A year ago, she could walk, though with shuffling steps, needing to be guided gently by her husband’s hand. He had to coax her, in her almost childlike uncertainty, to step through the door to the parking lot, encouraging her to take “Big steps!” But I never saw him grow impatient or frustrated. She chatters or hums softly sometimes, never quite coherently. As her mind grows further confused, her body has weakened too, and she now relies on a wheelchair. But her graying hair is always neatly brushed and braided, and she is dressed in corduroy pants and pretty cardigans.
Grizzled and weather-beaten, he is always a little tattered, his clothes covered with white paint. His hands are paint-splattered too, and rough, hinting at years of physical labor. They are gentle, guiding the wheelchair up to the altar, and his voice is cheerful as he coaxes her to open her mouth to receive the Body of Christ.
I’ve been watching this couple for the last two years at the little chapel that serves my office building. They’re less often at the 5 PM Mass than they used to be, and I worry a little when I don’t see them for a long time. I rather wish I’d known them when they were younger — I imagine they were a charming, vibrant pair, maybe childhood sweethearts or perhaps a late romance. In his eyes, I think she is still that beautiful young woman.

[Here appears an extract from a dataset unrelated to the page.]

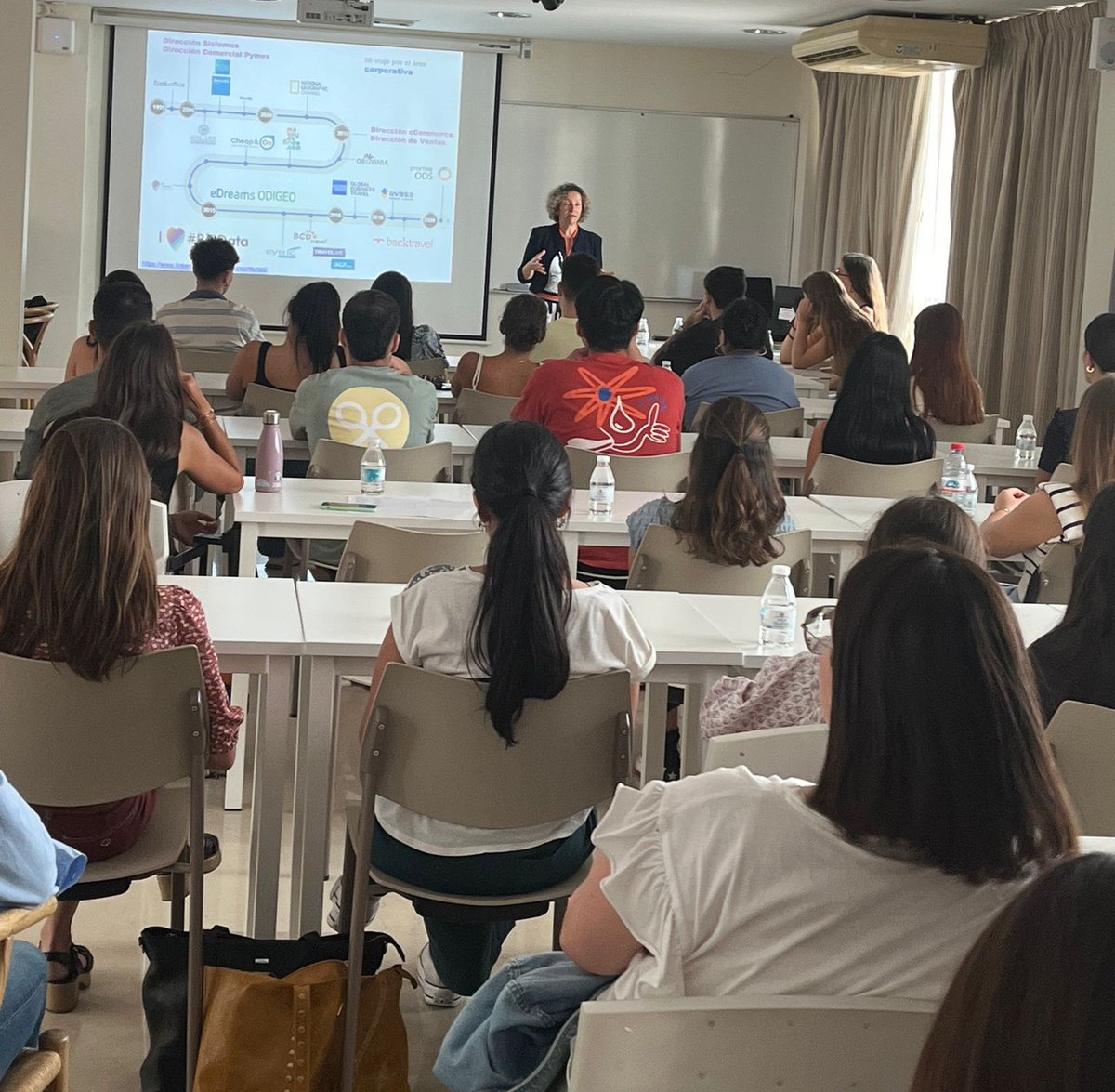 CatedraMetropol's tweet photo. 👉Los directivos de @avoristravel, @MarMunyoz y Francisco Álvarez, han compartido con los alumn@s de #XJornadasCatedra dos interesantes talleres sobre diseño y comunicación de negocios en @FceyeUs.
🙌😍Una oportunidad única de aprender de dos grandes profesionales del #turismo https://t.co/wsFSCCiJeW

After a long day of work, I often go to Mass frustrated with my failings that day, or distracted by the thousand things I still have to do. When I first noticed the pair, I struggled not to be annoyed at her noises, but in time, I realized that she and her husband were a grace-filled inspiration. It’s hard to imagine a more sacrificial and faithful love than his – he’s clearly still working hard to support them, but he takes the time and the energy to bring her to daily Mass. He’s always attentive to her needs, and his attitude towards her is always one of deep love, not resignation to the situation.
Our world tosses away and devalues the elderly and special-needs individuals. We’re so focused on instant communication and transitory pleasures, we don’t know what to do with people who don’t fit our paradigm of a successful individual or relationship. Worse, we think we can decide that they’re useless members of society. And on a purely utilitarian level, it’s hard to make people understand the intrinsic injustice in that attitude. But on a spiritual level, there is nothing more obvious. This beautiful couple are not only sanctifying each other, despite her debilitation; they’re proving to the world around them that love can endure beyond human limitations.
I only hope I can live up the example they’re giving me.